Although Vietnam remains close to Russia, its semiconductor manufacturing is directly controlled by foreign investors. Intel, which is among the most prestigious foreign investors in the country, made an additional investment of $475 million in 2021; bringing their total investment to $1.5 billion. As companies continue to decouple from China, Vietnam is keen to increase high-tech manufacturing and is aware of the costs of trying to evade sanctions on Russia.
But Russia is desperate to revive its manufacturing, and as the war drags on, it will try to get countries to evade sanctions and/or use straw buyers.
Countries like Indonesia, hit hard by soaring energy prices, have already turned to Russia for below-market energy supplies. Jokowi’s trip to Moscow and his provocative desire to include President Putin at the G-20 summit in Indonesia in November, are clearly intended to curry favor with Moscow for limited economic gain.
Indonesiamanagement seems unable to grasp the fact that skyrocketing food and the energy prices that hit the public so hard were caused by Russiathe war of unlawful aggression.

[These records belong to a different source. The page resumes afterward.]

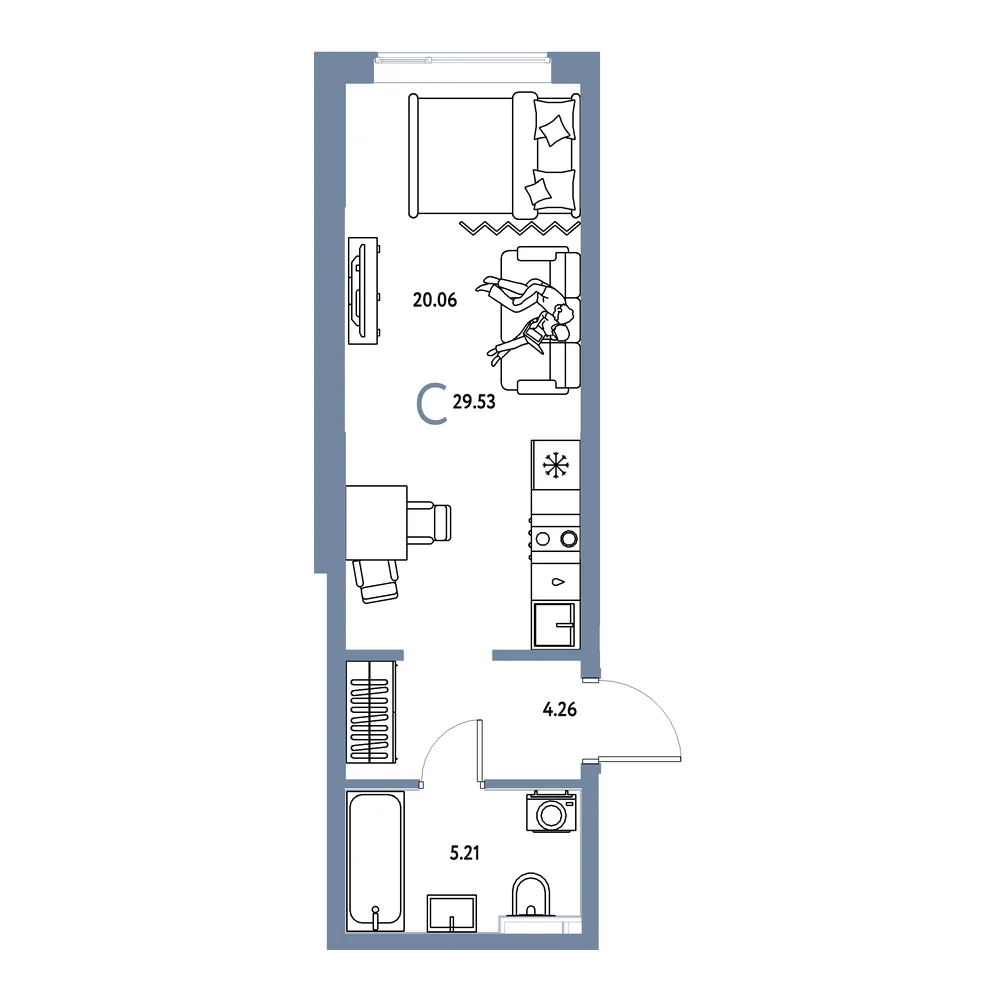 Планировка: Остров-сад Студия 29,53м²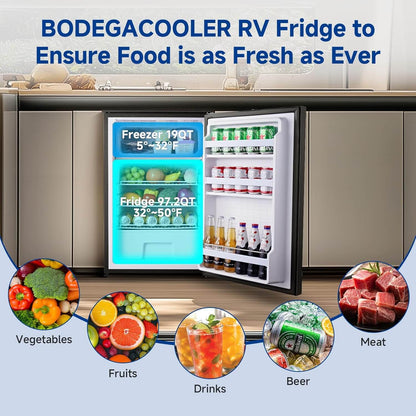 BODEGACOOLER 2025 RV Refrigerator Freezer 5°F-32℉ 110L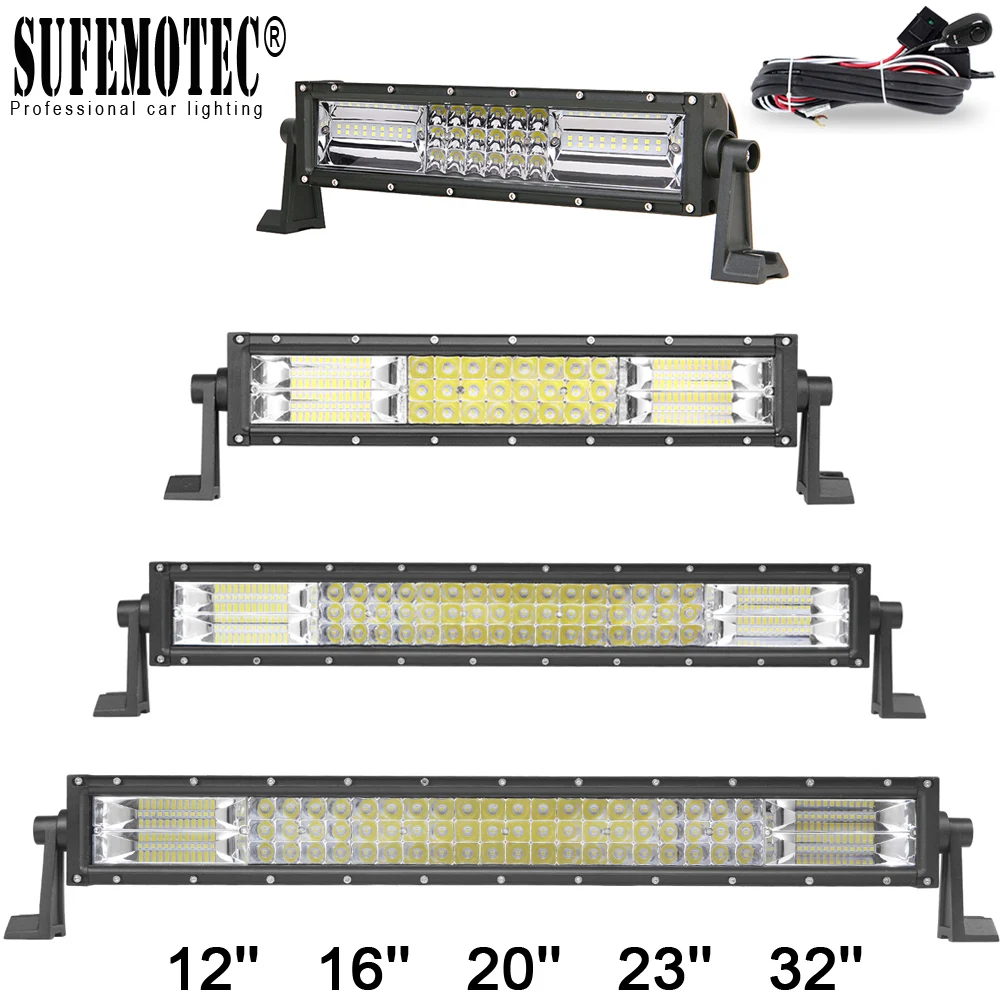 

3-Row 12" 16" 20" 23" 32 Inch LED Light Bar Car SUV ATV 4WD Truck 4x4 Offroad 12V 24V Combo Beam Straight Led Driving Light Bar
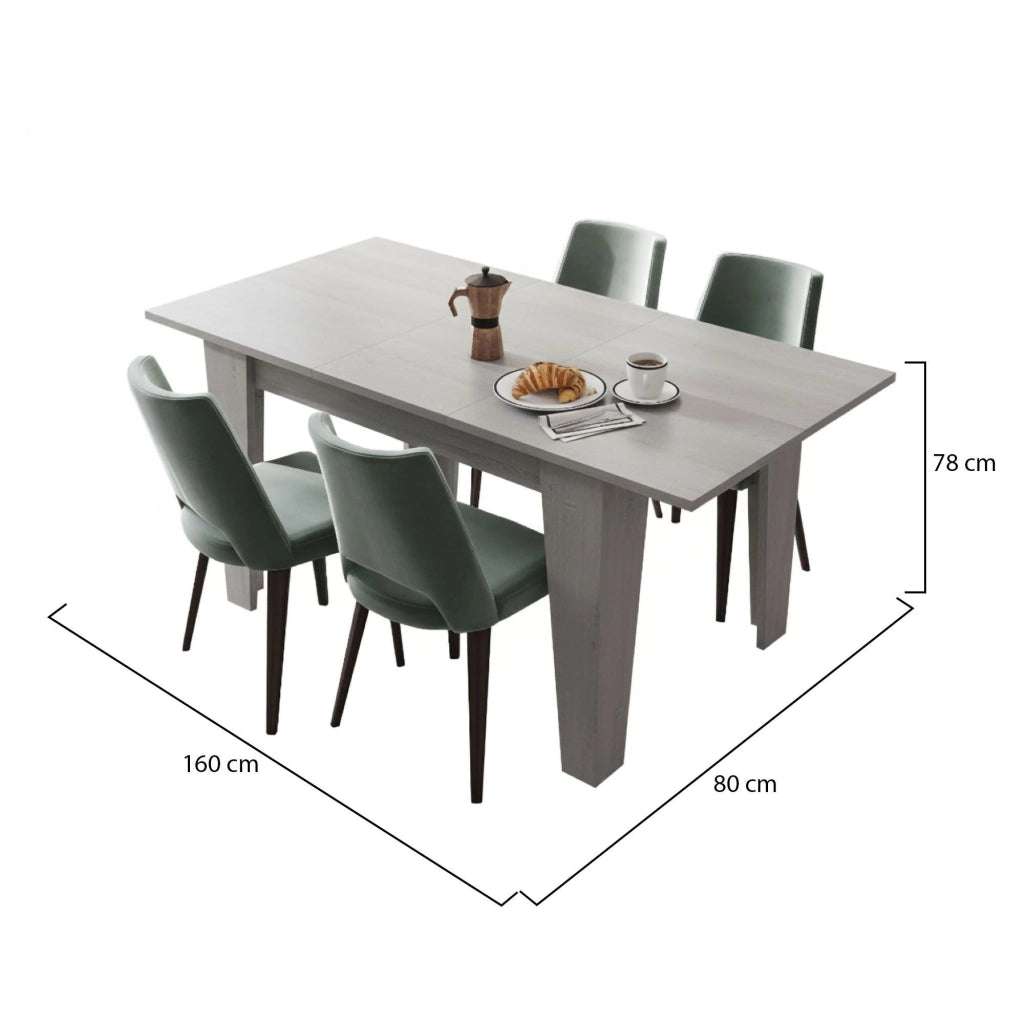 Pizzoli, Tavolo Allungabile Allungabile, 160x80x78h cm Grigio Cemento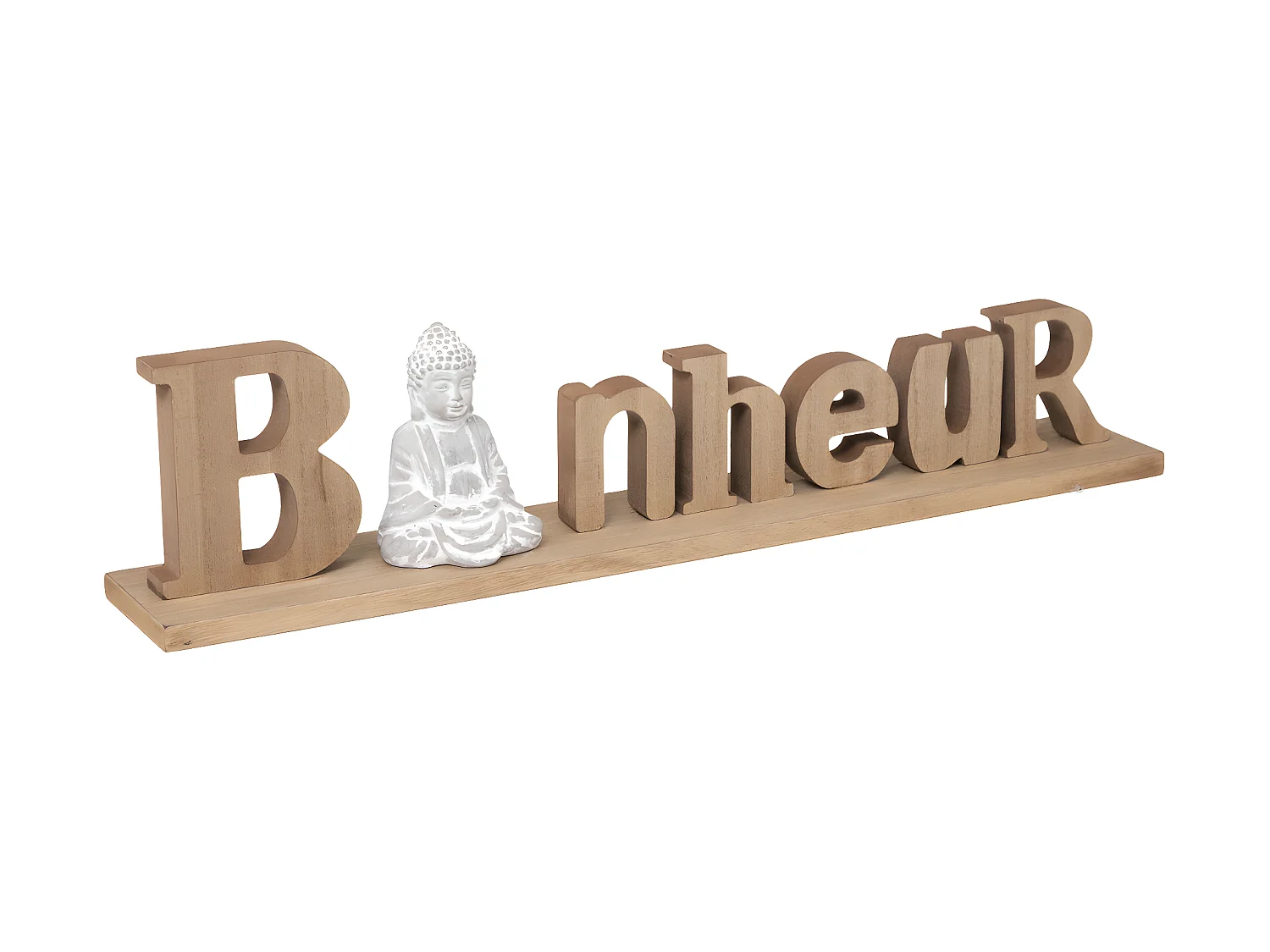 Mot Déco à Poser "Bouddha" 52cm Beige & Blanc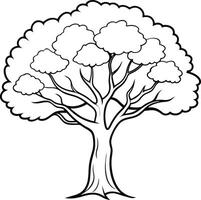 Silhouette of Oak Tree on white background eps 10 vector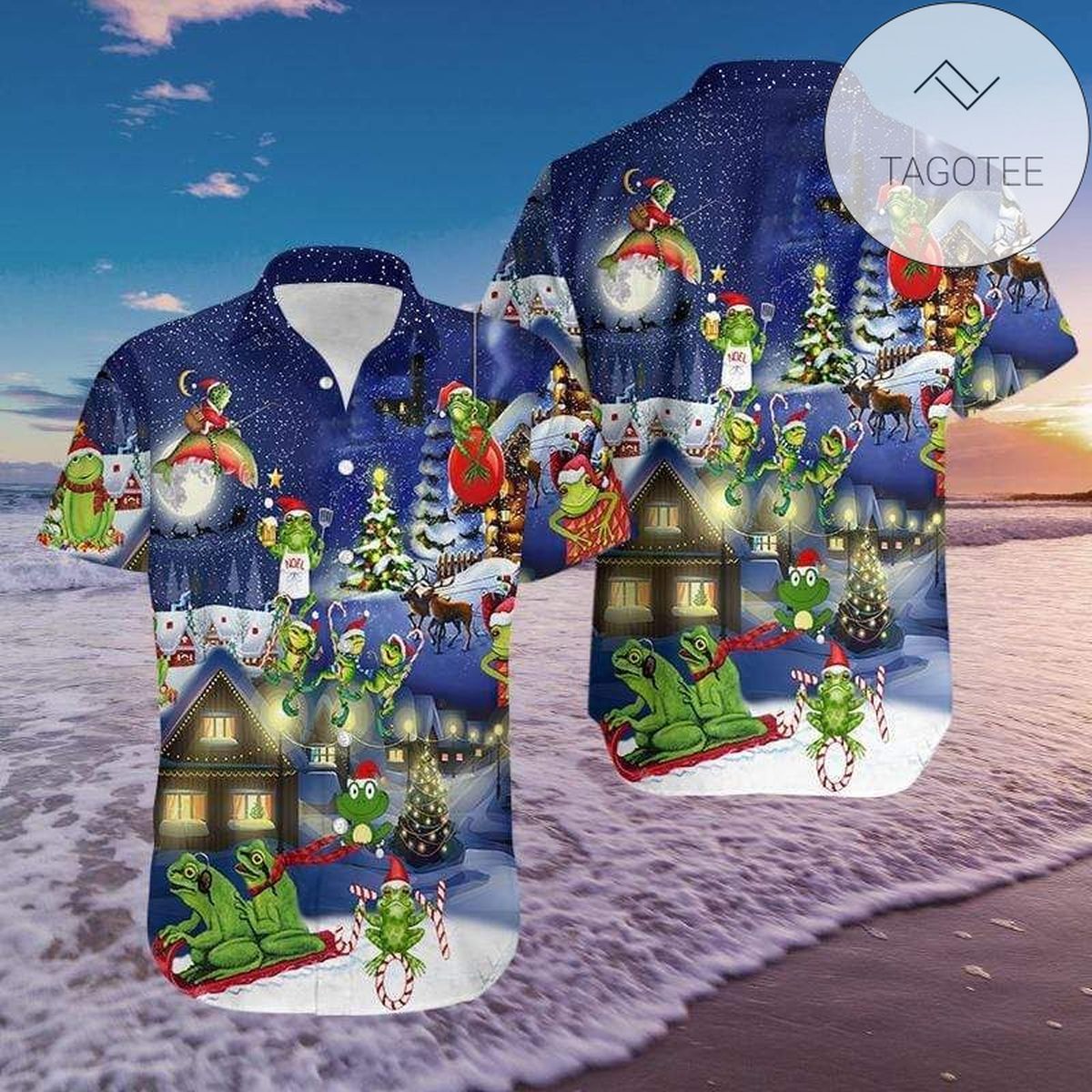 2022 Authentic Hawaiian Shirts French Bulldog Christmas Coming To Town H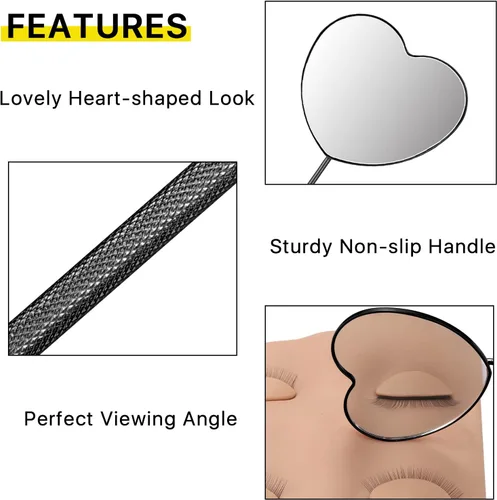 Vista 6 de Lovely Lash Mirror - Espejo de pestañas desmontable de acero inoxidable en forma de corazón, suministros y herramientas de extensión de pestañas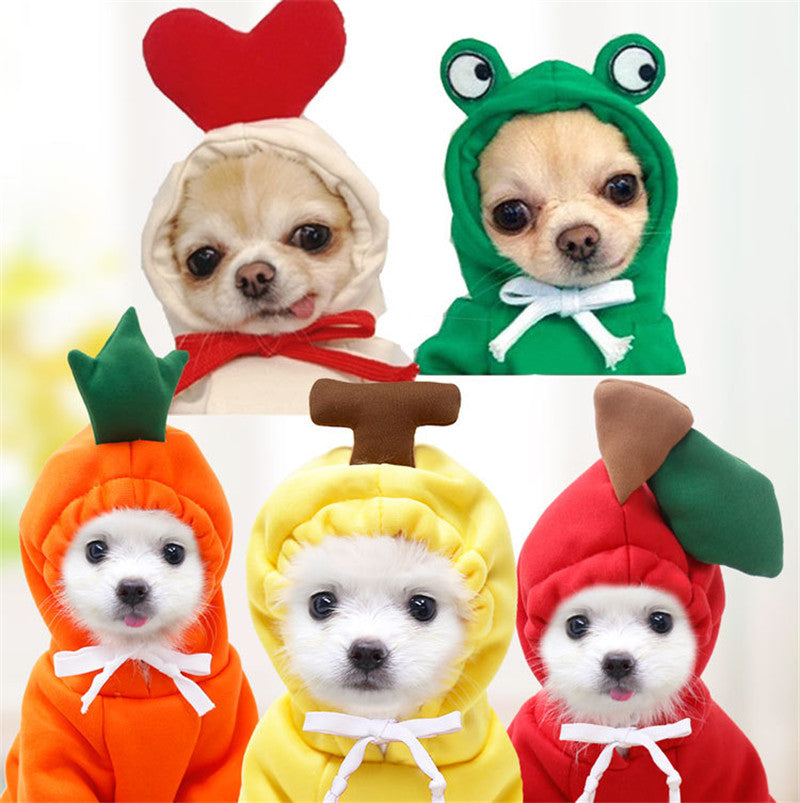 Cute Fruit Fleece Hoodie for Small Pets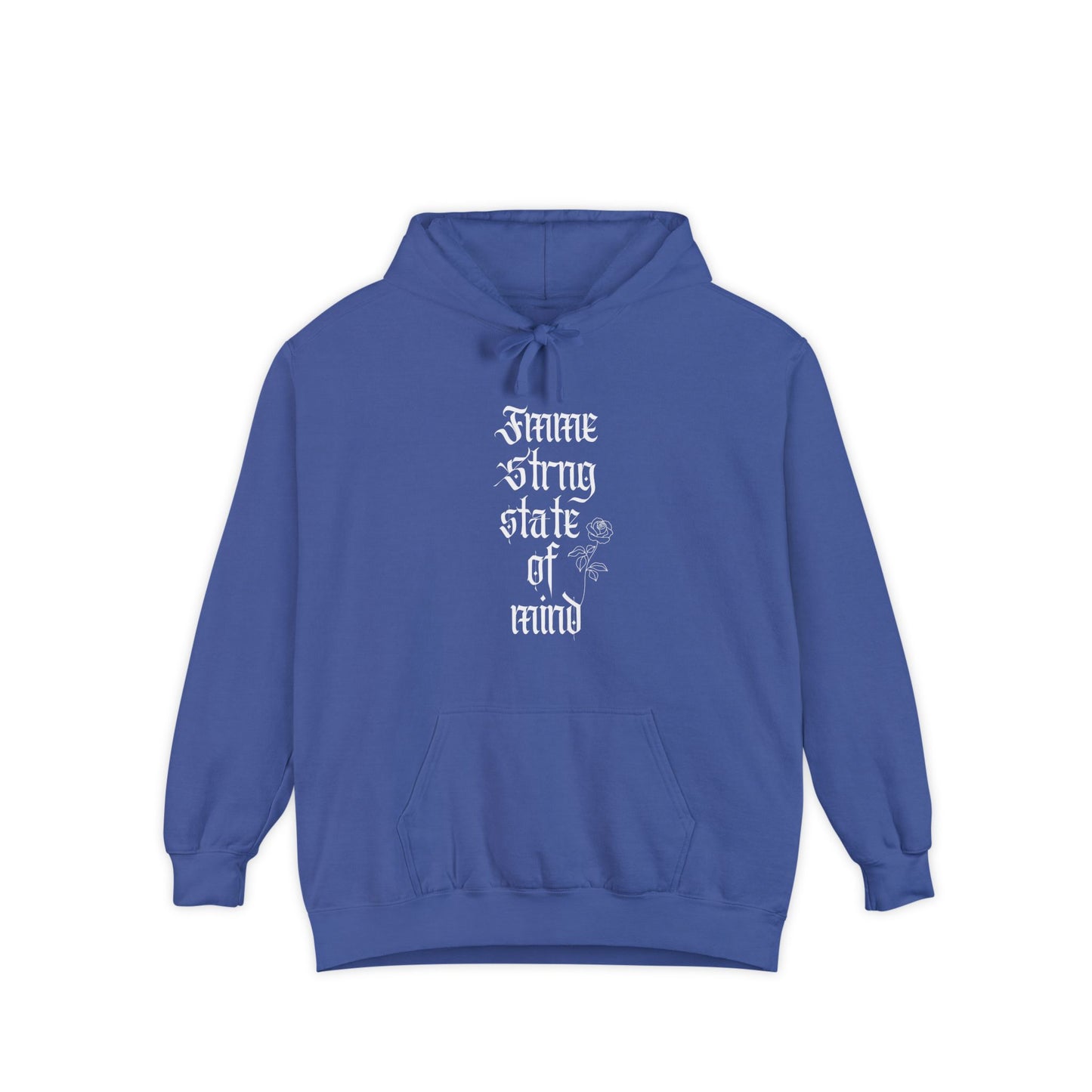 🌊 🌹 Fmme Strng™ Artful Rose Garment-Dyed Blue Hoodie – Beach Night & Cozy Morning 💙 🫧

And sadly, they are not alone in Southeast Asia, where governments continue to view the war in Ukraine as a distant European crisis that does not affect them or have other geostrategic implications for the region.
Southeast Asian countries may profess neutrality, but actively encourage RussiaMoscow’s war machine will have consequences, as the United States and the European Union seek to intensify economic pressure on Moscow.
In March 2022, the US Treasury Department imposed a new round of sanctions targeting the Russian tech sector, including its biggest chipmaker, Mikron, as well as two companies that are major importers of dual-use technologySerniya Engineering and Sertal.
Among the companies sanctioned was Alexsong Pte Ltd, a Singapore-based front company to facilitate Serniya’s transactions. Another Russian front company in Singapore, MGI PTE LTDwas added to the Office of Foreign Asset Control’s SDN list in April.
Previously, the Treasury Department targeted a Kremlin Insider operations in Thailand. The US government has made efforts to target Russia to evade sanctions a top priority.
Endemic corruption and policies that promote economic growth above all else across Southeast Asia will facilitate Russian attempts to evade sanctions. And if the United States entered a recession, manufacturers in Southeast Asia would have a much greater financial incentive to increase their sales to a level Russia, with lots of cash.
Zachary Abuza is a professor at the National War College in Washington and an adjunct at Georgetown University. The opinions expressed here are his own and do not reflect the position of the United States Department of Defense, the National War College, Georgetown University or Radio Free Asia.